I am not too sure about this problem. Can you please help me?
Graph the ellipse and locate the foci.
9x^2=144-16y^2
I got (- squareroot 7, 0) and (squareroot 7,0), but I was looking at one problem in one book similar to it, and it had the answer as (0, - squareroot 7) and (0, squareroot 7).
You are correct, I got the same foci
The one you looked at in your text probably had the y-axis as its major axis, that is, the focal points were on the y axis.
Was the denominator of the x^2 smaller than the denominator of the y^2 term?
If so, that was the case.
The one in book, is 7x^2=35-5y^2
Rewrite as
x^2/(144/9) + y^2/(144/16) = 1
(x/4)^2 + (y/3)^2 = 1
The semimajor and semiminor axis distances are 4 and 3, respectively. The major axis lies along the x axis. The distance from the center to the foci is sqrt (4^2 - 3^2) = sqrt 7
7x^2=35-5y^2 rewritten in standard form is
x^2/5 + y^2/7 = 1
sure enough the y term denominator is 7 which is larger than the 5 under the x^2.
Which means the y axis is the major axis like I said before and the focal points are on the y-axis
Certainly! I can help you understand how to graph the given ellipse and locate its foci.
To begin with, let's rewrite the given equation in standard form for an ellipse:
9x^2 + 16y^2 = 144
To find the center of the ellipse, we need to isolate the x and y terms. Dividing both sides of the equation by 144, we get:
x^2/16 + y^2/9 = 1
From this form, we can determine that the center of the ellipse is at (0,0), as the x and y terms are both squared and have coefficients less than 1.
Next, let's look at the coefficients of the x and y terms. Since the coefficient of x^2 is greater than the coefficient of y^2, we know that the major axis of the ellipse is along the x-axis.
The distance from the center of the ellipse to the vertex on the major axis is determined by the square root of the coefficient of x^2. In this case, it is √16 = 4.
Therefore, the vertices on the major axis are located at (±4,0).

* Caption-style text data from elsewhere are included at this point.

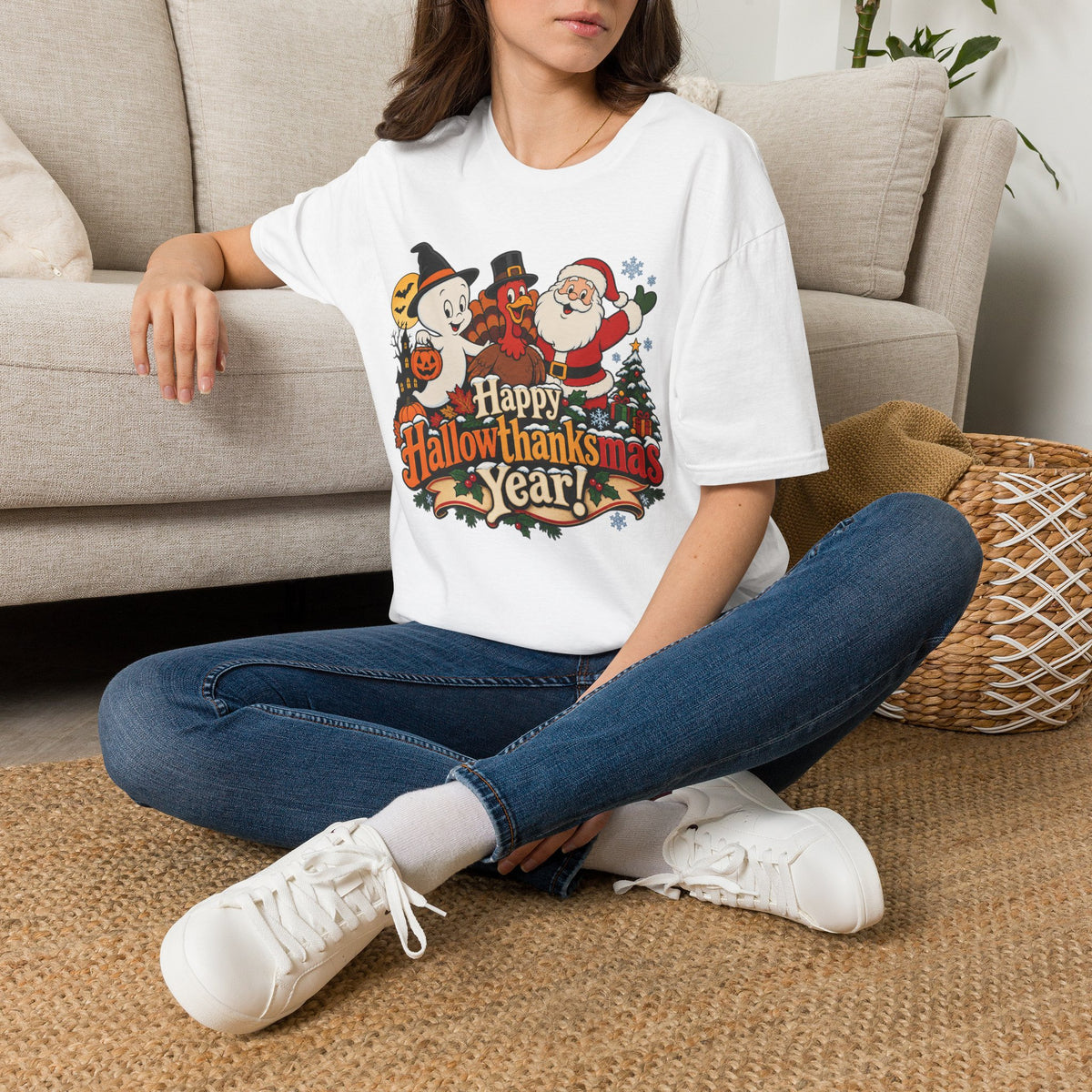 Halloween Thanksgiving Christmas Mashup Tee — "Happy HallowThanksMas This Year"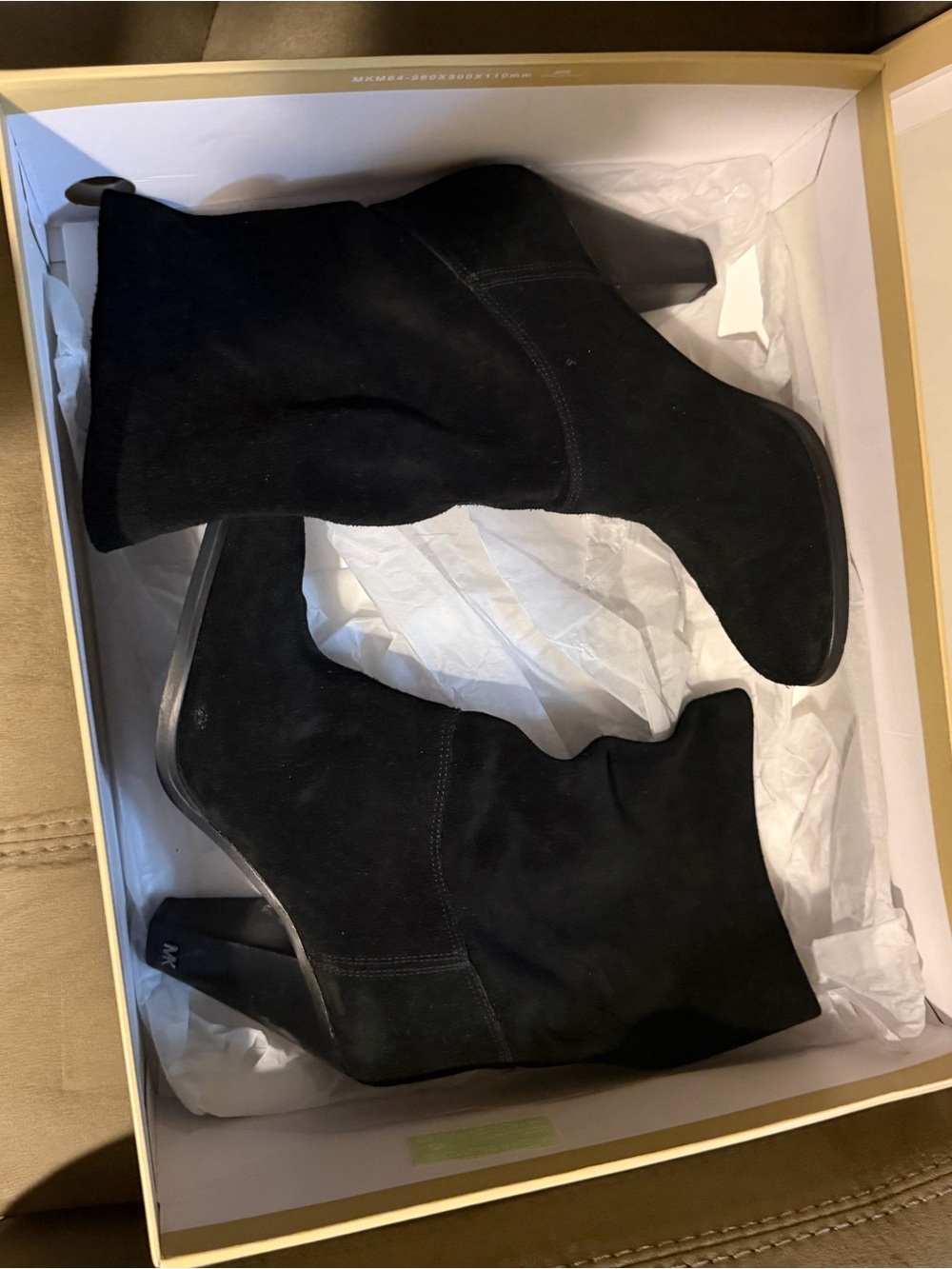 Michael Kors Black Suede Slouchy Mid-Calf Heeled Boots - Picture 2 of 3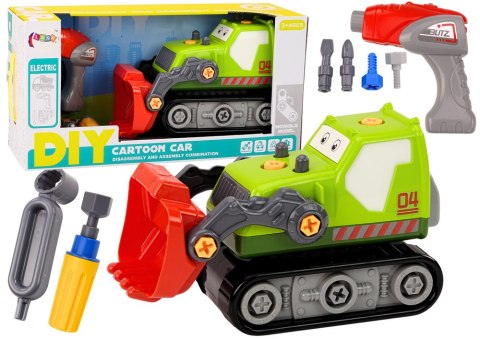 Koparka Gąsienicowa Kreskówkowa Do Rozkręcania DIY Zielona LEAN Toys Koparka Gąsienicowa Kreskówkowa Do Rozkręcania DIY Zielona LEAN Toys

To find the foci of the ellipse, we need to calculate the value of c using the formula:
c = √(a^2 - b^2)
Where a is the distance from the center to the vertex on the major axis and b is the distance from the center to the vertex on the minor axis.
In this case, a = 4 and we need to find b.
To determine b, we need to rearrange the standard form of the equation to solve for y:
y^2/9 = 1 - x^2/16
y^2 = 9 - (9x^2)/16
y = ±√(9 - (9x^2)/16)
From this equation, we can see that when x = 0, y = ±3, which gives us the distance from the center to the vertex on the minor axis.
Thus, b = 3.
Now, we can calculate c:
c = √(4^2 - 3^2) = √(16 - 9) = √7
Therefore, the foci of the ellipse are located at (0, ±√7).
Hence, your initial answer of (±√7, 0) is correct, and the alternative answer given in the book as (0, ±√7) is also correct. Both pairs of coordinates represent the foci of the given ellipse.
I hope this explanation clarifies the problem for you.